Ein Rasseportrait mit einer selten gefundenen Ehrlichkeit und Akribie, ohne jegliche rosarote Fan-Brille. Spannend geschrieben – auch über Grundsätzliches von Hunderassen, über Wesenseigenschaften, die oft als rassetypisch angegeben werden, sich in Wahrheit aber gegenseitig ausschließen. Was Menschen von einem Hund erwarten können. Dies und mehr in einem exzellenten Artikel von Dr. rer.nat. Ute Blaschke-Berthold.

In manchen Gegenden des deutschsprachigen Raumes gehört der Rhodesian ­Ridgeback – im Folgenden auch kurz RR genannt – schon fast zum alltäglichen Straße­nbild, und so mancher hunde­freundliche Passant weiß den auffallenden Hund einzuordnen.
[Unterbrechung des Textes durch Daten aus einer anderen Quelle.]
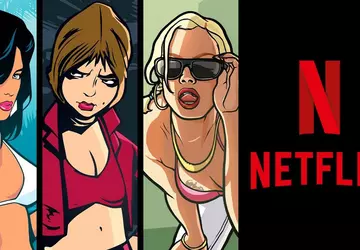 Netflix podbija rynek gier mobilnych: subskrybenci ...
Nach einem kurzen Blick auf den Rücken des Hundes folgt unweigerlich der Kommentar: „Ach, das ist doch einer von diesen afrika­nischen Hunden!"

Die Zeiten der Exklusivität sind allerdings vorbei, der ehemalige „Rolls Royce unter den Hunden" hat – um bei diesem Bild zu bleiben – die ­Rolle eines soliden Mittelklasse­wagens bekommen. Es ist heute auch nicht mehr schwer, Informationen über ­diese Hunderasse zu erhalten: ­Mehrere Rassemonografien in Buchform, Videos, zahlreiche Beiträge in Hundezeitschriften, mehrere Zuchtvereine innerhalb und außerhalb der FCI und vor allem Hunderte von Seiten im Internet versorgen den interessierten Hundefreund mit den ­Informationen, die er für seine Entscheidungs­findung braucht oder unbedingt lesen möchte, falls er sich für einen RR bereits entschieden hat.

Der Standard
Der Rassestandard des RR ist – wie jeder andere auch – die Beschreibung eines Idealbildes. Er beschreibt nicht, was real ist, sondern ist Ausdruck menschlichen Wunschdenkens. An bestimmten Rassen interessierte Menschen klammern sich geradezu sklavisch an den Standard und die daraus abgeleitete Rassebeschreibung, um herauszufinden, ob dieser Hund für sie geeignet ist oder nicht. Vergessen wird dabei vollkommen, dass nicht nur das Äußere der Hunde einer Rasse variiert, sondern auch die Reaktionsnorm des Verhaltens. Es herrscht die Meinung vor, dass man sich mehr um Körperbautyp und Farbe Gedanken machen sollte als um Verhalten. Schließlich wird der Hund mit seiner Farbe geboren, sein Verhalten ist noch ein „weißes Blatt", welches nach Be­lieben beschrieben werden kann. Und so erleben wir erschreckt, dass sich Interessenten für die ­Rasse RR alleine aufgrund des Äußeren entscheiden und glauben, durch eine „richtige" Erziehung den ­passenden Hund formen zu können. Viele ­Interessenten dieser Rasse lesen über die Wesenseigenschaften und finden, dass dieser Hund zu ihnen passt: Eine hohe Reizschwelle, zurückhaltend, würdevoll, ohne Scheu und Aggres­sion. Dieses aber ist eine Beschreibung des Rhodesians, wie er sein sollte – und nicht, wie er ist. Das ist ein großer Unterschied, der z.T. sicher die rasant ansteigende Zahl der wieder abgegebenen Rhodesians erklärt. Im Detail nachzulesen ist der FCI-Standard Nr. 146 des RR auf der Website www.rhodesian-ridgeback.org.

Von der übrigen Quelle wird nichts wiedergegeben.